However, with reluctance and time, he accepted the role – in fact, he admitted to being won over by the wittiness of it, as well as by the film's "positive and highly intelligent" treatment of its black characters. He admitted:

“So, 28 years ago, that’s quite revolutionary, and quietly so.”

Agreeing to take on the character and perhaps testament to his passion for his craft, he still remained very outspoken about how Gruber was to be presented on the screen. This was surprising, because by that point, he didn't really have enough experience in film acting (he had been trained as a stage actor) to confidently dictate a role in such a way.

"It pays to have a little bit of theater training"

Rickman revealed that alongside it actually being his idea for Hans Gruber to wear a suit rather than the intended 'terrorist gear' (whatever that means!), it was also his suggestion that he pretend to be a hostage in the scene where he finally meets McClane.
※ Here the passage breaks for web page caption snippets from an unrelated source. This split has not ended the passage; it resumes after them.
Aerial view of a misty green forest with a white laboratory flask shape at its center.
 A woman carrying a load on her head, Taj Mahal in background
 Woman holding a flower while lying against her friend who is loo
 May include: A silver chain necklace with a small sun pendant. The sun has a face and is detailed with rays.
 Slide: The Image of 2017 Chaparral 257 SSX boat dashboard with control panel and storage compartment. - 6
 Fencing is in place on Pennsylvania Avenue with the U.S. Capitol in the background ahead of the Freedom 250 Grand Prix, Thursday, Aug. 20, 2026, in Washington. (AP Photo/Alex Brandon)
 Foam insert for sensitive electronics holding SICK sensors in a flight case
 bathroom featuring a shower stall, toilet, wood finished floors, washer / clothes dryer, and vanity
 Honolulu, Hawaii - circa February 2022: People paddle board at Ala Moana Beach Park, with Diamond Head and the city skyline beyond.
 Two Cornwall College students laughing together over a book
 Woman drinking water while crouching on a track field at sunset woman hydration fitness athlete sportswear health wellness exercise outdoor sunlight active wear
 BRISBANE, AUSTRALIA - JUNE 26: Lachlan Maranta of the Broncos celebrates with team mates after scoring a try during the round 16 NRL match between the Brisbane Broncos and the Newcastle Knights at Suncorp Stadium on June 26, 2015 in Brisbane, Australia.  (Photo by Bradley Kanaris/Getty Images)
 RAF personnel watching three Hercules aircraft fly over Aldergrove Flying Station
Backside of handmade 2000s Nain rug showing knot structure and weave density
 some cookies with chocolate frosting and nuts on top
Hoping for the best, Rickman jotted down some notes for the producer, Joel Silver, and left them on his desk. The actor recalls the initial reaction:

“I got Joel saying, ‘Get the hell out of here, you’ll wear what you’re told.'"

Yet, later that day, it became apparent that his suggestions were accepted:

"When I came back, I was handed a new script. It showed that it pays to have a little bit of theater training.”

Here's one of the particular scenes that Rickman helped mould in his very own special way:

These days, it is unimaginable to think that someone else would have brought Gruber's sadistic terrorism to life, more so while wearing a suit. And just think, if Alan hadn't accepted the role, we probably would have never had laid eyes on him in his later roles! Isn't that crazy?